Epsilon, a unit of Alliance Data Systems Corp (ADS.N), said on Friday that a person outside the company hacked into some of its clients' customer files.
The vendor sends over 40 billion email ads and offers annually, usually to people who register for a company's website and or give their email addresses while shopping. Some of Epsilon's other clients include Verizon (VZ.N), Blackstone Group LP's (BX.N) Hilton Hotels, Kraft KFT.N, and AstraZeneca (AZN.L).
Kroger, the biggest U.S. supermarket operator, said it told customers on Friday that the database storing their names and email addresses had been breached. No other personal information was exposed in the breach, Kroger said.
JPMorgan Chase, the second-largest U.S. bank, said some of its customers' e-mail addresses were part of the data breach.
Epsilon told the bank that the accessed files did not include any customers' financial information, but JPMorgan Chase is "actively investigating to confirm this," the bank said in a statement.

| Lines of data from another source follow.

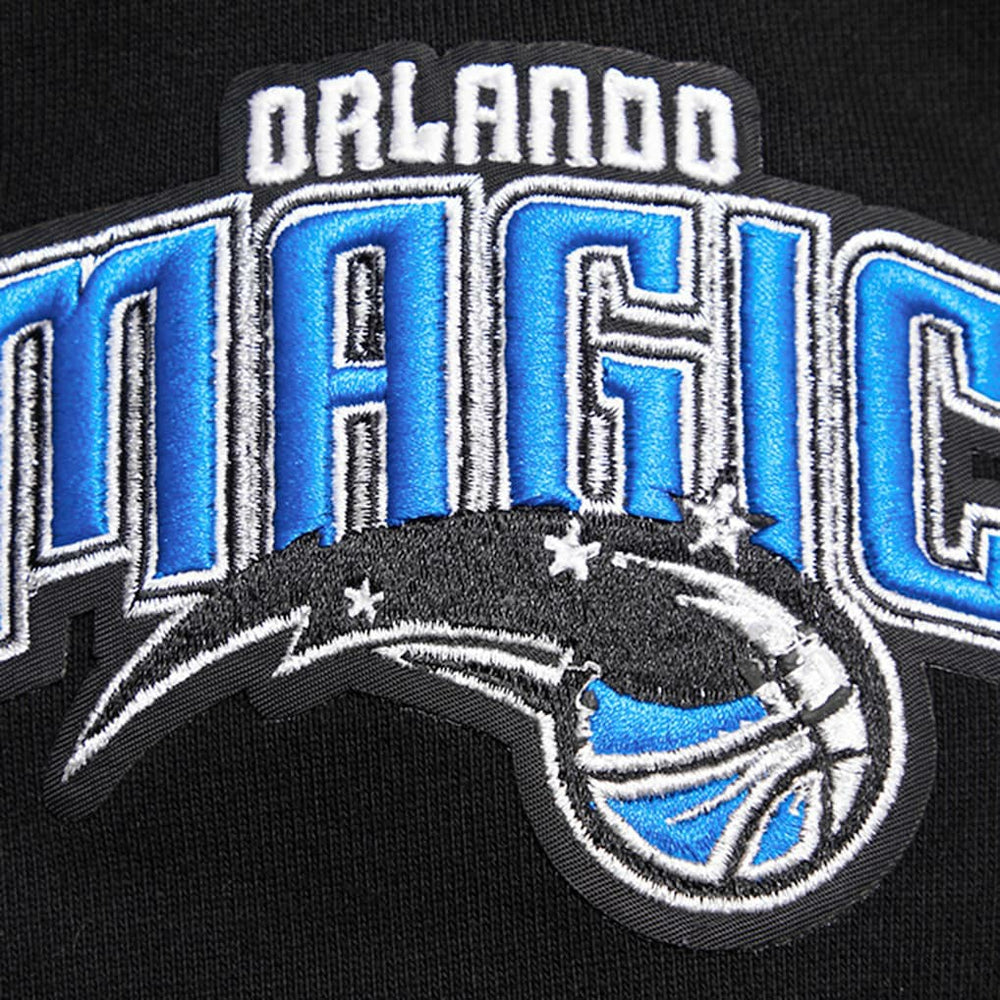 Orlando Magic Pro Standard Script Tail Pullover Hoodie Black outlet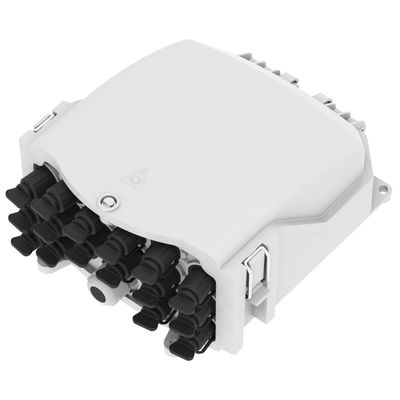 16 núcleos Exteriores Pre-conectados Fibra óptica divisores para la caja de distribución de la red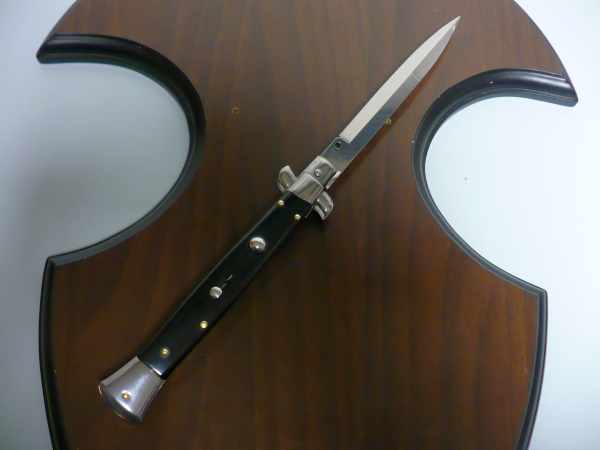 FRANK BELTRAME, italian stiletto -  perloide nero- baionetta , bayonet -  modello FB 28/69B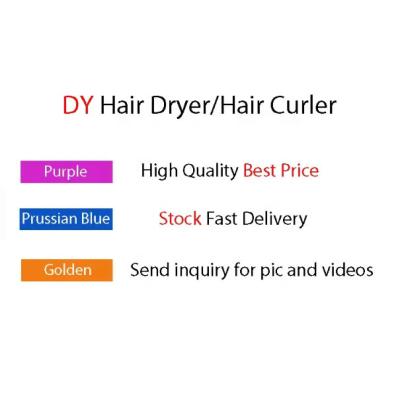 China Fast styling egg rolls hair curler Dropshipping Factory price hair curler HS01 long HS05 With Accessories Leather Case For DY Air rap Complete Hair dryer for sale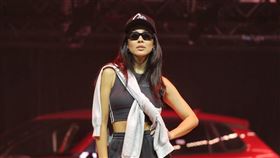 蔡詩芸預告《大嘻哈2》總決賽演出服裝會比之前更辣。（圖／記者楊澍拍攝）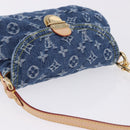 LOUIS VUITTON Monogram Denim Mini Preity Hand Bag Blue M95050 LV Auth 197489SAM-6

The vendor said separately that "a full investigation is under way." The data breach exposed only customer names and e-mail addresses, and Epsilon said that "no other personal identifiable information associated with those names was at risk."
Spokeswoman Jessica Simon declined to identify which other Epsilon clients were affected by the data breach. The vendor is "cooperating with a number of authorities now, so I don't know how long it (the investigation) will take," she said.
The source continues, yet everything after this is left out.